Marsilea hirsuta – the ideal foreground plant

by Troels Andersen and Oliver Knott

Marsilea hirsuta is well suited to create a low and dense, green cover in the foreground of the aquarium. This plant is only a few centimetres tall, it grows slowly and it is easy to keep, also for the beginner since Marsilea hirsuta thrives even at very low light. For the expert, the many green colours and the dense carpet are presenting the tank in a beautiful way adding a sense of depth in the aquarium.
 
The scientific name for Marsilea hirsuta(010) is yet to be resolved although it has been commercially cultivated for decades. Tropica first produced this plant back in the early 1980s but it never attained widespread popularity. However, since 2000 the interest in Marsilea hirsuta has dramatically increased and today, this plant is very popular amongst aquarist.
Marsilea hirsuta is a water fern belonging to the Marsileaceae family named after the 18th century Italian botanist G. Marsili. It originates from Australia but today, the genus Marsilea is virtually a cosmopolitan. We have often observed the genus in its natural habitats, for example in Asia, and here, it is usually the species Marsilea quadrifolia that occurs. Apart from Marsilea quadrifolia, Marsilea drummondii is also easily confused with Marsilea hirsuta. In its natural habitat, it is often found emergent where it produces longer petioles and divided leaves resembling clover. This is in contrast to the water form, which has much shorter petioles and whole leaves or leaves which are only divided into two or three lobes.

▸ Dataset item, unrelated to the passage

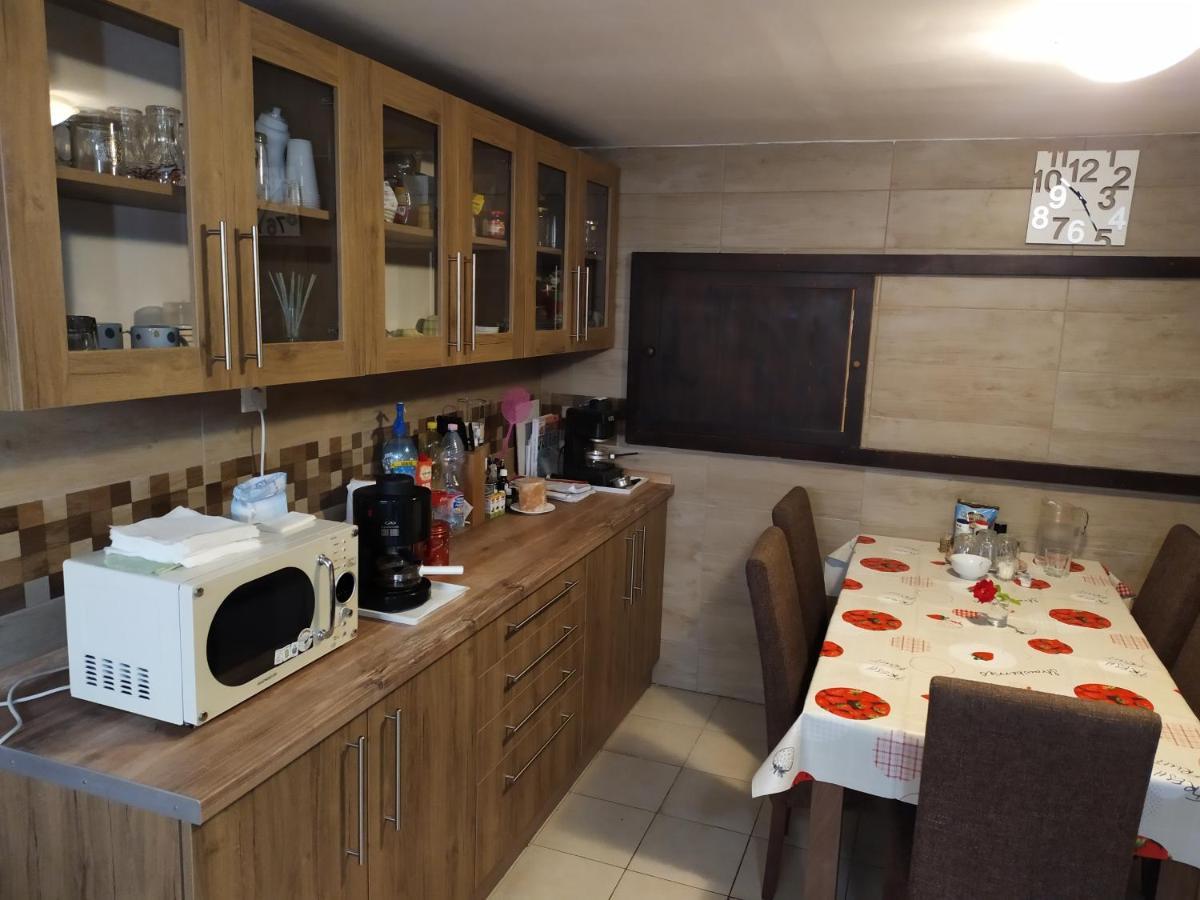 Bed and Breakfast Szilvia Panzio Gyomaendrőd Exterior foto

In Tropica, Marsilea hirsuta is also grown emergent and hence, it is usually supplied with light green clover-like leaves, which after some time under water are replaced by various other leaf forms. The water form can produce whole leaves which resemble a large Glossostigma but it may also set leaves which are divided into two, three or four lobes of different colours and stature depending on the actual growth conditions.
When Marsilea hirsuta is planted into the aquarium, you have to remove the old emergent leaves; these leaves will never adapt to the underwater environment anyway and thus, they only serve to absorb vital carbohydrates from the plant during the transition period to underwater life. From the base, new leaves are set which initially resemble the emergent leaves and which may be divided. Later, however, larger and undivided leaves are produced. From time to time, Marsilea hirsuta produces leaves with longer petioles and these may be removed if they disturb the desired picture of the foreground carpet. The pot should be divided into four to six portions with a scissor and the small blocks may then be planted into the substrate 3-4 cm apart by using tweezers. The plant will spend the initial days producing new roots and subsequently new underwater leaves will also be formed. Thus, Marsilea hirsuta is yet another example of a foreground plant which to begin with does not look too impressive, but which after some time transforms into a dense green carpet.

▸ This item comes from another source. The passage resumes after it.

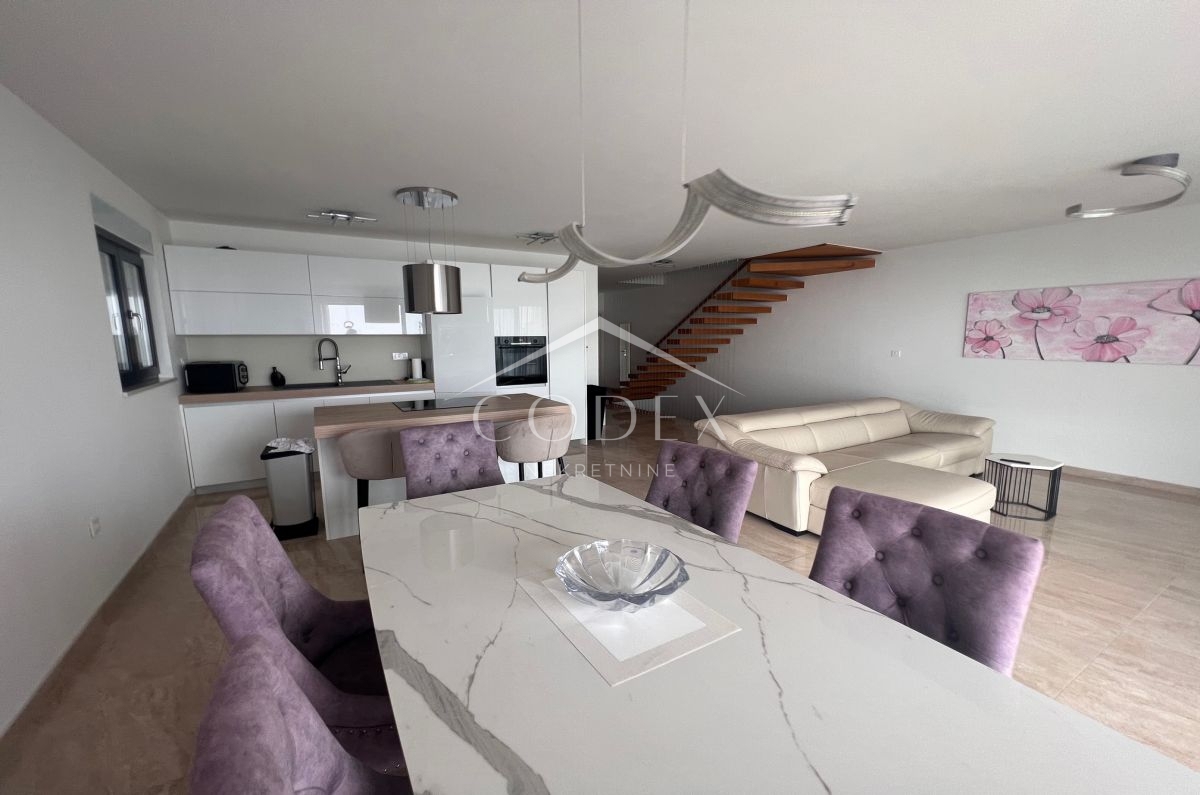 Hiša Pobri, Opatija - Okolica, 250m2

Marsilea hirsuta tolerates a wide spectrum of light and CO2 conditions and it grows well in soft as well as hard water in a wide pH interval. Without CO2 and at low light, the growth of Marsilea hirsuta almost ceases, whereas it really thrives at moderate CO2 fertilization at a pH around 7. Marsilea hirsuta grows best between 20-26 degrees C and longer periods with higher temperature will often damage the plant.